**Data section**
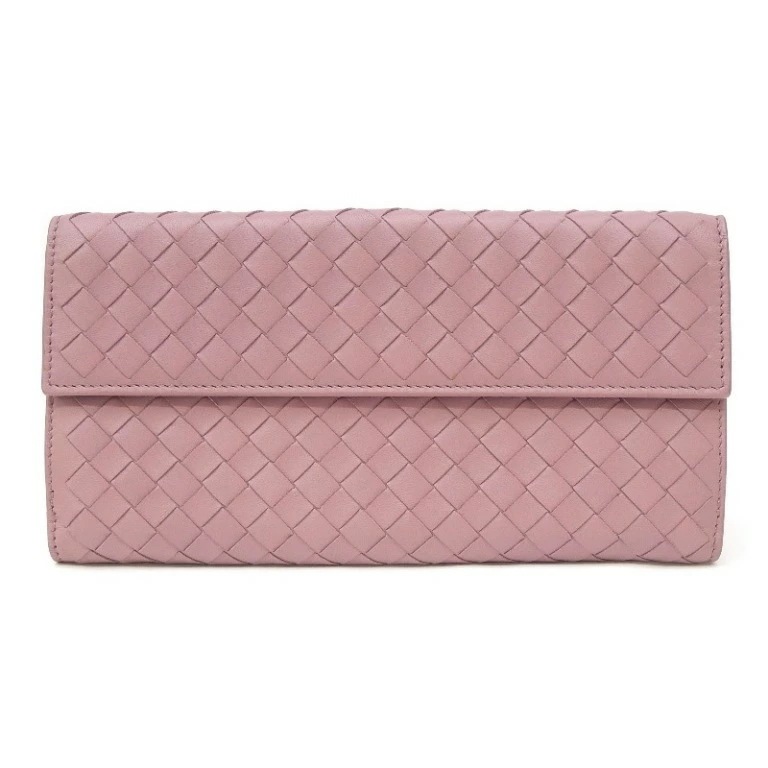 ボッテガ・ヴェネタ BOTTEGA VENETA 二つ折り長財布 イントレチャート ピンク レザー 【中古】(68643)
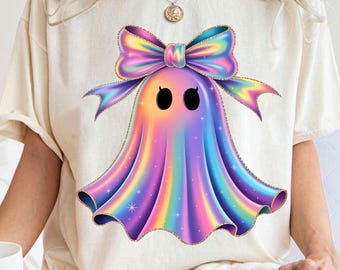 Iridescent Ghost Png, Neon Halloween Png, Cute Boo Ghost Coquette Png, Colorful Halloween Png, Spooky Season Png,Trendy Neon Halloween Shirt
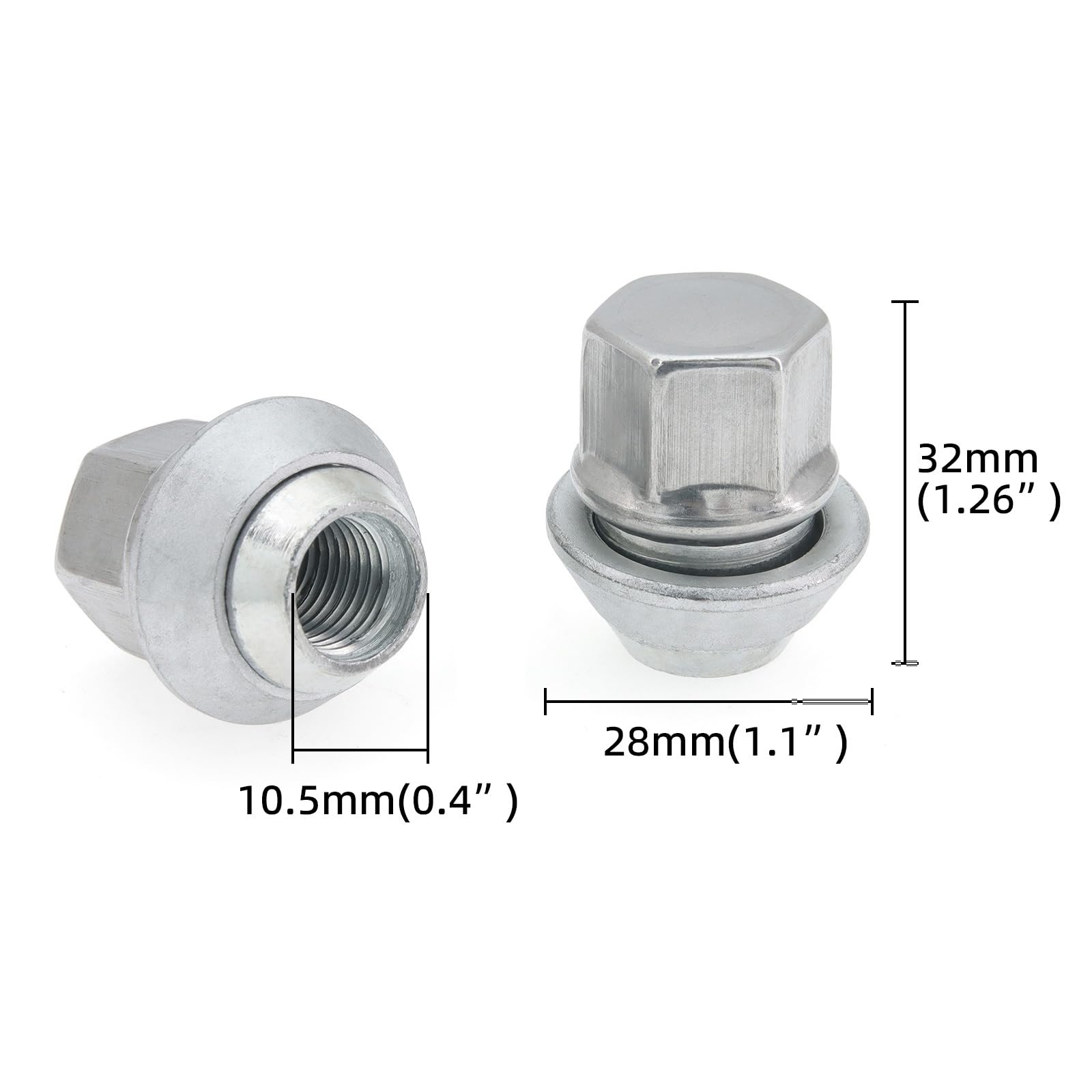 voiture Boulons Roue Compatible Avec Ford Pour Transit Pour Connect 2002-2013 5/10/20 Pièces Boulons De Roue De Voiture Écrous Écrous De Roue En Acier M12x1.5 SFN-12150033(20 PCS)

**Instructions to follow**
Drop the pictures and copy the data exactly.

**Solution to the exercise**
 ボッテガ・ヴェネタ BOTTEGA VENETA 二つ折り長財布 イントレチャート ピンク レザー 【中古】(68643)
 Iridescent Ghost Png, Neon Halloween Png, Cute Boo Ghost Coquette Png, Colorful Halloween Png, Spooky Season Png,Trendy Neon Halloween Shirt
 voiture Boulons Roue Compatible Avec Ford Pour Transit Pour Connect 2002-2013 5/10/20 Pièces Boulons De Roue De Voiture Écrous Écrous De Roue En Acier M12x1.5 SFN-12150033(20 PCS)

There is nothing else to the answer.